If you eat more calories than your body needs to function throughout the course of your day, than the excess calories will be stored as body fat. Inversely, if you eat less calories than your body needs to function throughout the day, than your body will compensate for that deficit by pulling its needs from another source of energy, most likely, your own stored body fat, which results in weight loss.
Therefore, if you want to lose weight in a healthy way that will actually allow you to keep it off on a long term basis, then you need to look at what you are eating and drinking and make changes there. If you feel like your metabolism needs a boost, create a new metabolic environment. You can do this by changing up the way you eat and the way you exercise. Here are some ways to boost your metabolism, fire up your energy, and burn more fat:
- Increase the intensity or frequency of your workouts and incorporate strength training into your routine. Since muscle burns more calories than fat, strength training will not only help to rev up your metabolism but will help you to lose even more fat. When you are burning more calories through exercise you are able to eat more calories to fuel your workouts.
- Drink more water. Most American adults do not get sufficient amounts of water through the course of their day. Drinking enough water helps curb cravings as feelings of thirst are often mistaken for hunger. Getting enough water also helps your body digest food better, flushes out toxins, clears up your skin and just makes your body and it organs perform better overall.
- Cut out things like too much added sugar and processed foods from your diet and watch your weight drop and your energy soar. These foods often have lots of calories hidden in small serving sizes leaving you feeling hungry shortly after eating them even though your calorie intake is already sufficient. This means that as you eat more foods to satisfy your hunger, you are putting yourself into a state of excess which if not counteracted through exercise to burn off those calories, will lead to more fat storage.

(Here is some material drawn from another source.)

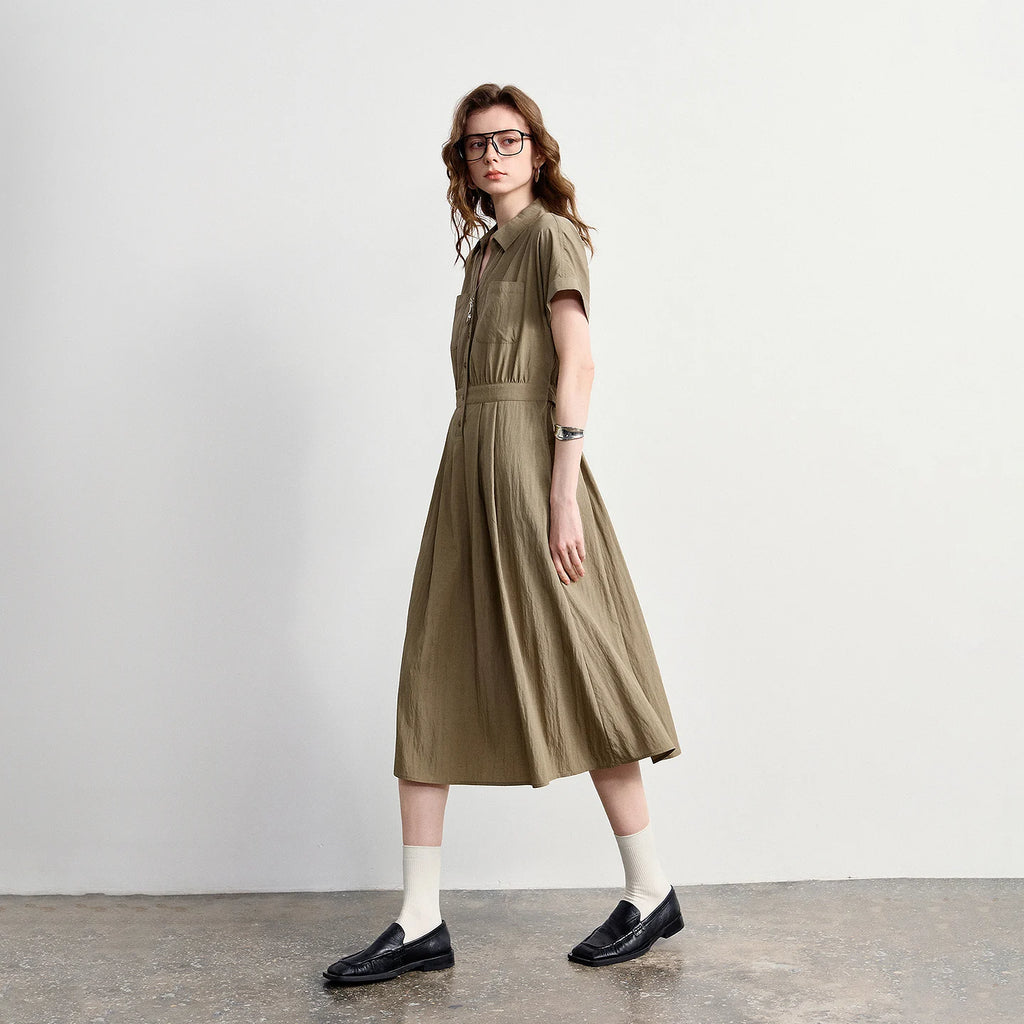 Short-Sleeve Midi Shirt Dress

If you hear about a program that helps you lose weight by teaching you how to eat right and incorporate exercise into your everyday schedule it is probably safe to check out. But do make sure that you consult your physician first as you should each time you decide to implement a new diet or exercise program.

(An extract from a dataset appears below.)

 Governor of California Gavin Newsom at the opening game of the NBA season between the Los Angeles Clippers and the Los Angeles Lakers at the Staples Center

If something tells you that it will cause you to lose weight and that you won’t even have to change your eating habits or exercise at all it is most likely at the very least a complete sham and at the most, dangerous to your health and you should avoid it at all costs.
If it says that it encourages weight loss when combined with a regular diet and exercise program, than my recommendation is to try out the diet and exercise plan and skip out on the (insert name of weight loss assistance device or pill here); chances are you will see as good of results without it as you will with it. In conclusion, if something is being touted as a "magic pill" it probably will magically make money disappear from your wallet and magically reappear in the hands of the person selling it, and not do a whole lot to your overall weight or health.